Data excerpt: Begin

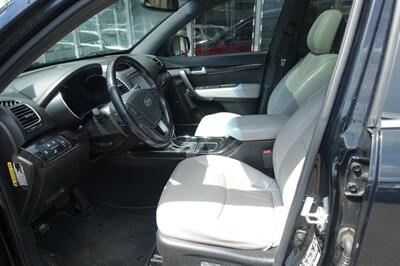 2014 Kia Sorento SX Limited - Photo 9 - Newark, NJ 07104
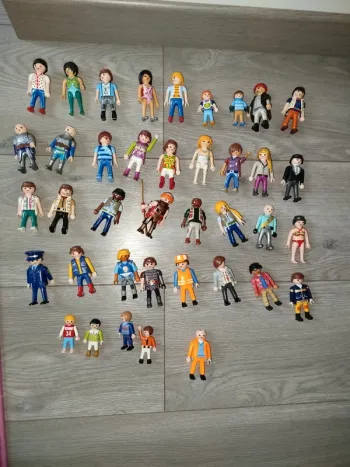 Lot personnages playmobil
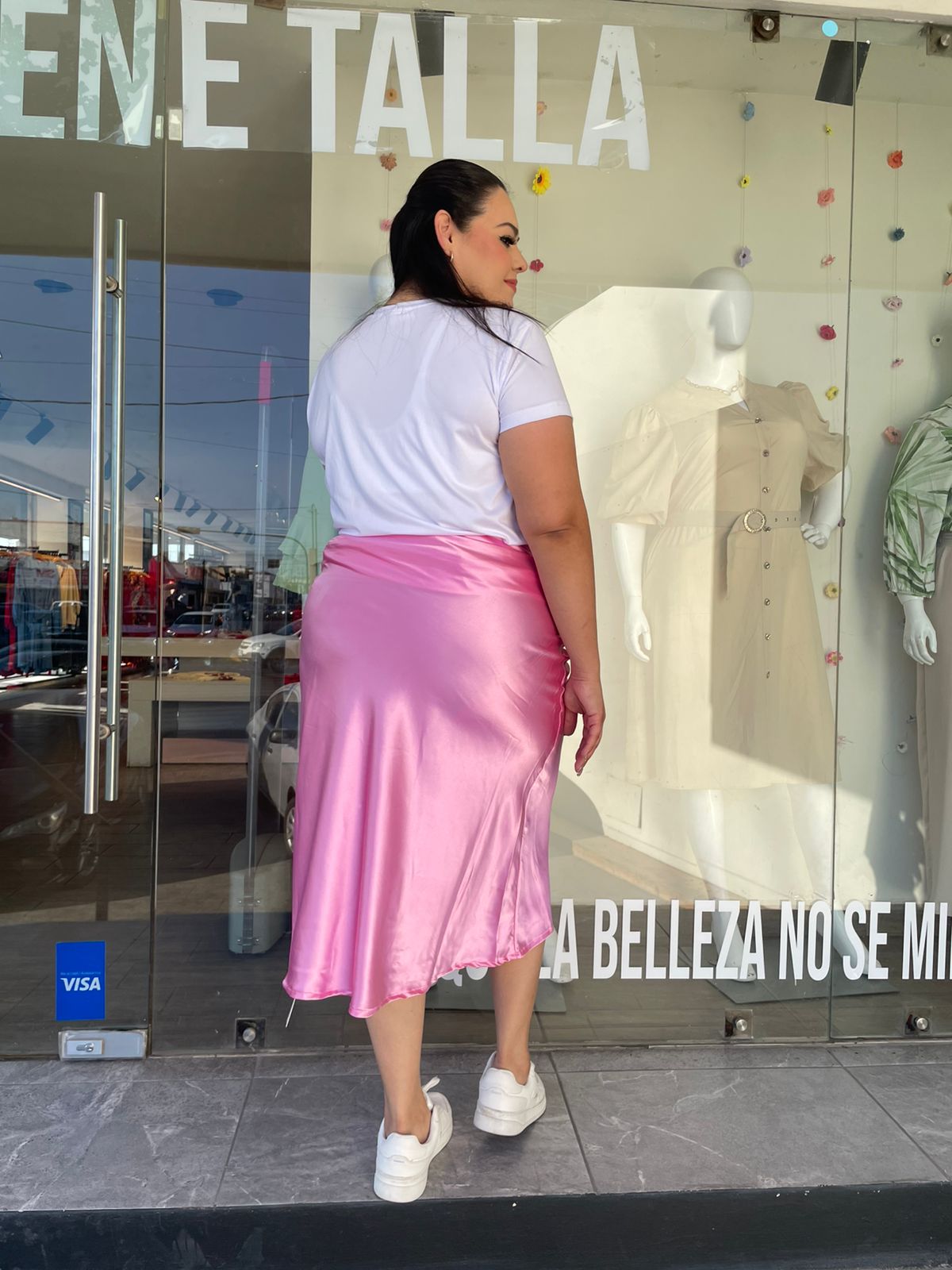 Falda En Satin Lisa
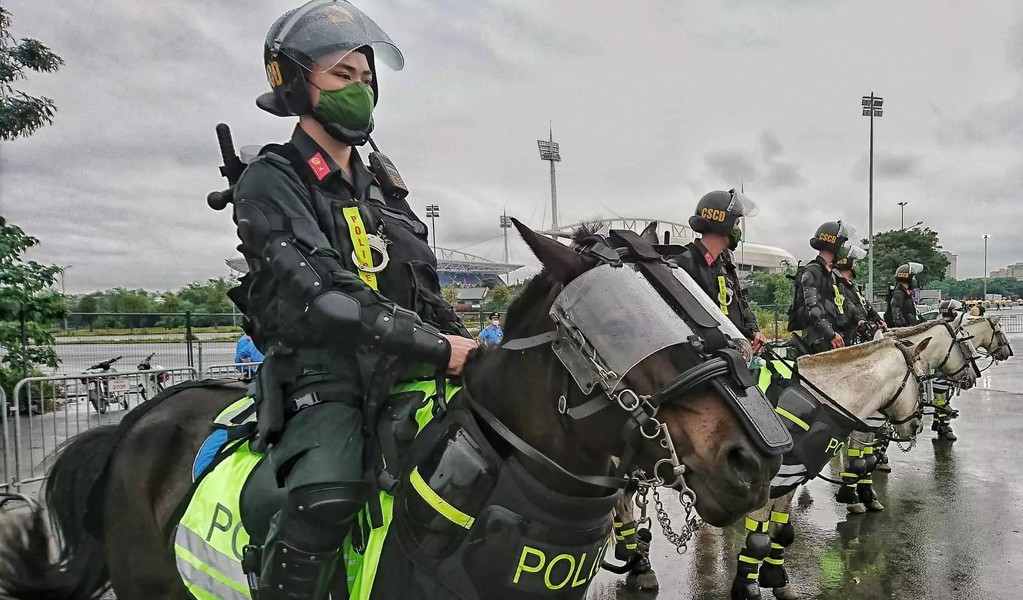 Cảnh sát cơ động kỵ binh xuất quân bảo vệ lễ khai mạc SEA game 31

Data excerpt: End

→ **Exercise**: Your answer should be the lines above from the one that contains "Lot personnages playmobil" through the last, set down exactly, with the pictures removed.

→ **Problem solution**:
 Lot personnages playmobil
 Falda En Satin Lisa
 Cảnh sát cơ động kỵ binh xuất quân bảo vệ lễ khai mạc SEA game 31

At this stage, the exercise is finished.